→ **Exercise instructions**
Find the line with "A Close Up Of" in the entries below, then output every line from it down to the line with "Yacht Photos Pics", exactly and with no pictures.

→ **Exercise input**
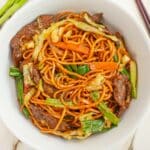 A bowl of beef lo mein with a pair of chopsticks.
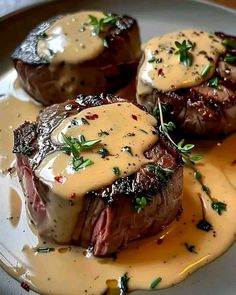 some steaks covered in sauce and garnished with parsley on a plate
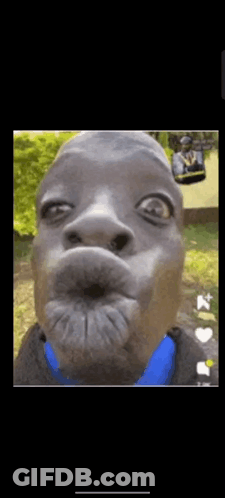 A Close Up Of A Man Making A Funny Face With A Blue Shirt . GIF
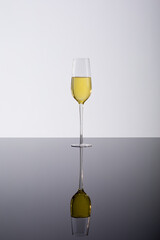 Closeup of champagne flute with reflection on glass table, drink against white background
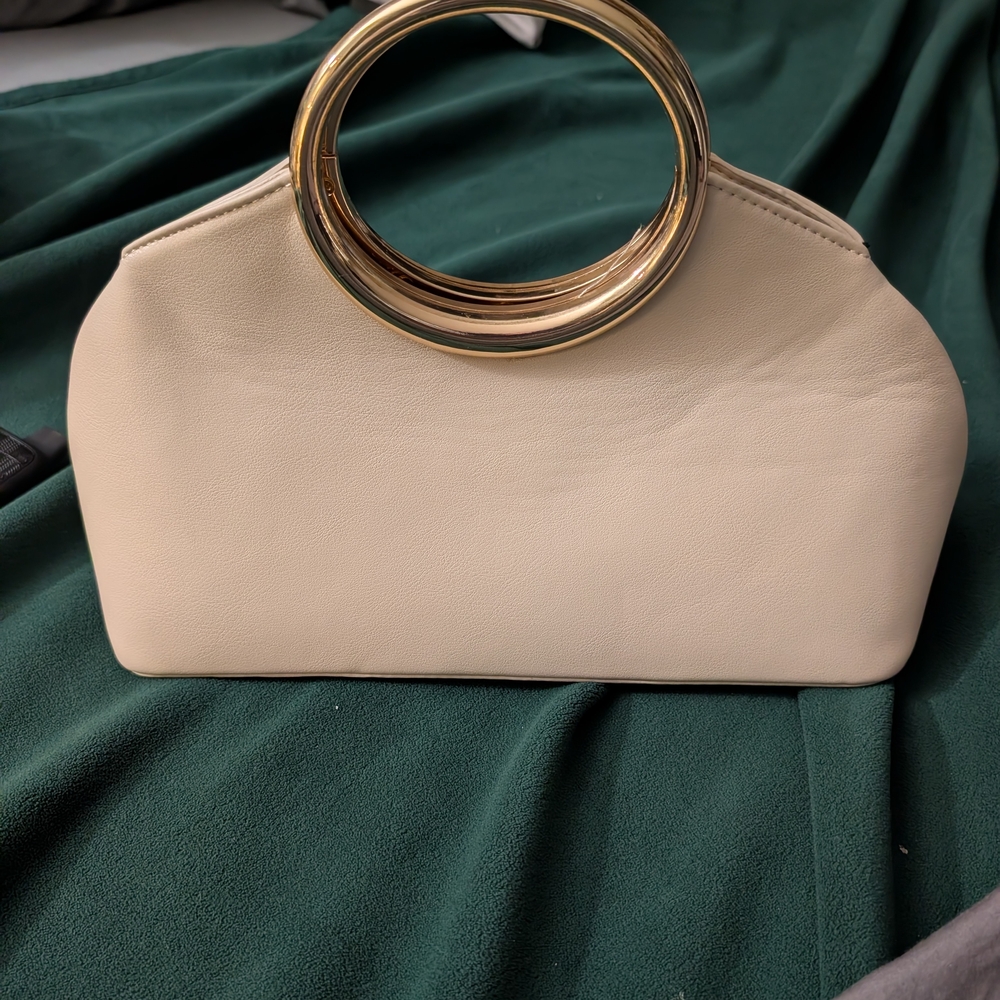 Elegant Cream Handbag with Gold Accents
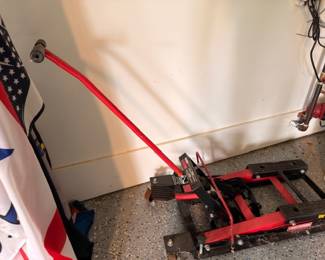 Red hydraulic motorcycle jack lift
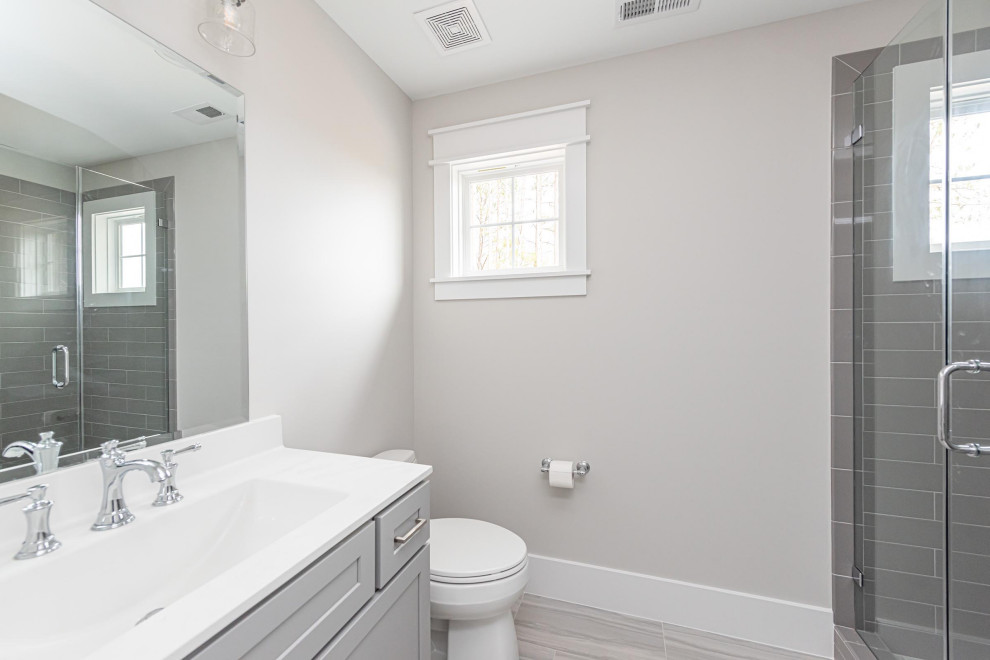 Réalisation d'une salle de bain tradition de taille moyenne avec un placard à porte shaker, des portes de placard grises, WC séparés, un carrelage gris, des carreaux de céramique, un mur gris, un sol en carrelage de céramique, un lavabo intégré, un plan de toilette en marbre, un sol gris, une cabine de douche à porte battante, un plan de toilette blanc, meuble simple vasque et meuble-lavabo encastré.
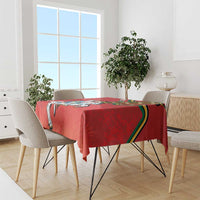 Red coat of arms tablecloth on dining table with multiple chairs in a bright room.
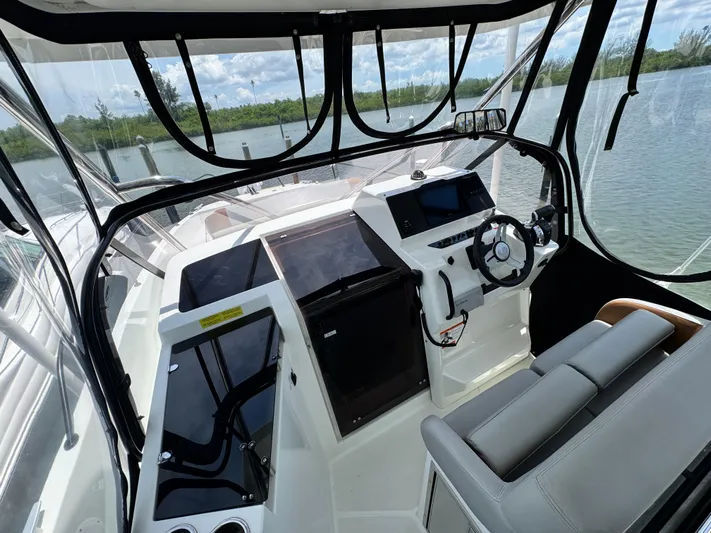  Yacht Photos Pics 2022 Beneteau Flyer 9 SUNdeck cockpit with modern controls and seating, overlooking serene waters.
---
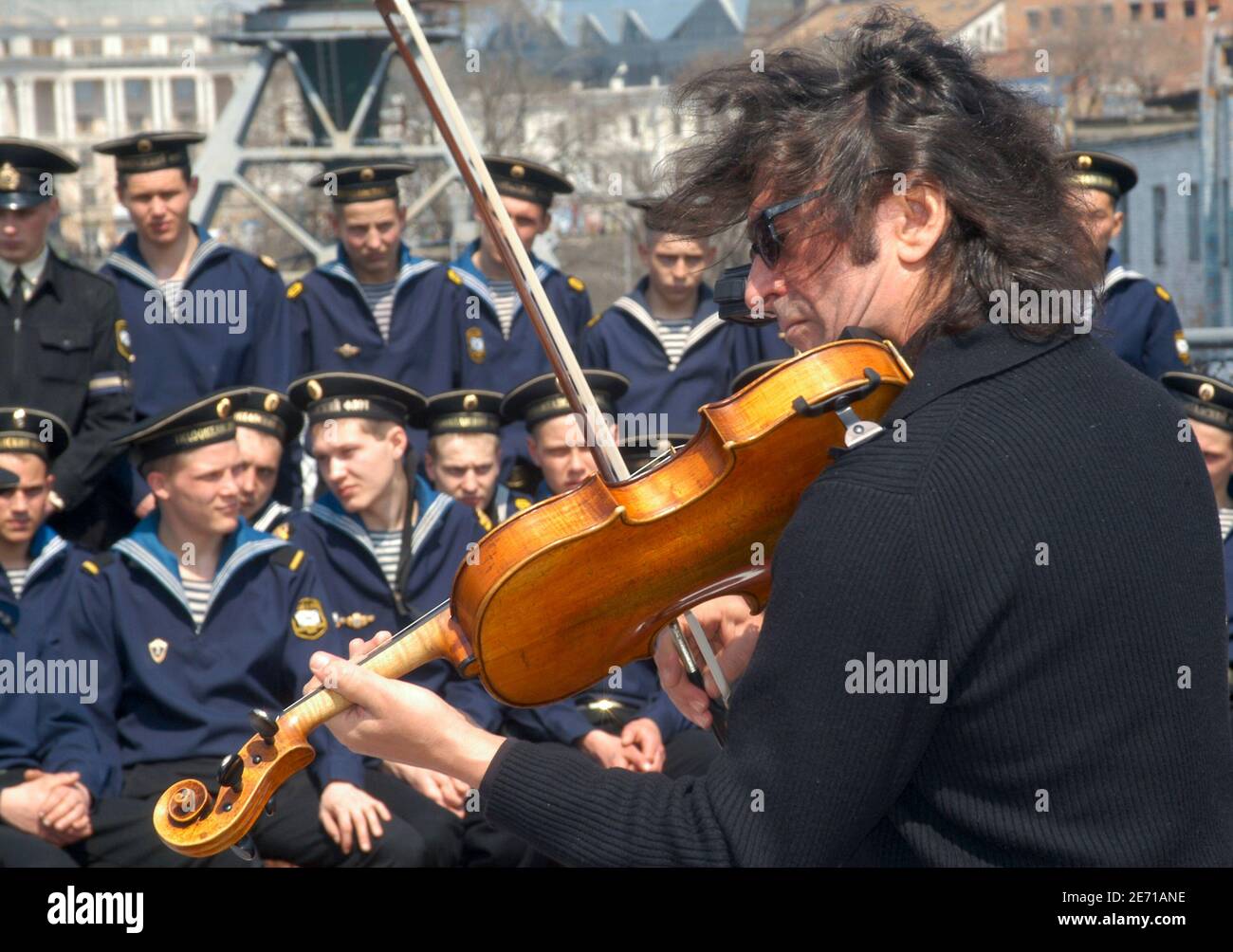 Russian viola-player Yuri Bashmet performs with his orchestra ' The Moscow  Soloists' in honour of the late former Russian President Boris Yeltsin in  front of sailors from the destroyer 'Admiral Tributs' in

→ **Expected answer**
 A Close Up Of A Man Making A Funny Face With A Blue Shirt . GIF
 Closeup of champagne flute with reflection on glass table, drink against white background
 Elegant Cream Handbag with Gold Accents
 Red hydraulic motorcycle jack lift
 Réalisation d'une salle de bain tradition de taille moyenne avec un placard à porte shaker, des portes de placard grises, WC séparés, un carrelage gris, des carreaux de céramique, un mur gris, un sol en carrelage de céramique, un lavabo intégré, un plan de toilette en marbre, un sol gris, une cabine de douche à porte battante, un plan de toilette blanc, meuble simple vasque et meuble-lavabo encastré.
 Red coat of arms tablecloth on dining table with multiple chairs in a bright room.
  Yacht Photos Pics 2022 Beneteau Flyer 9 SUNdeck cockpit with modern controls and seating, overlooking serene waters.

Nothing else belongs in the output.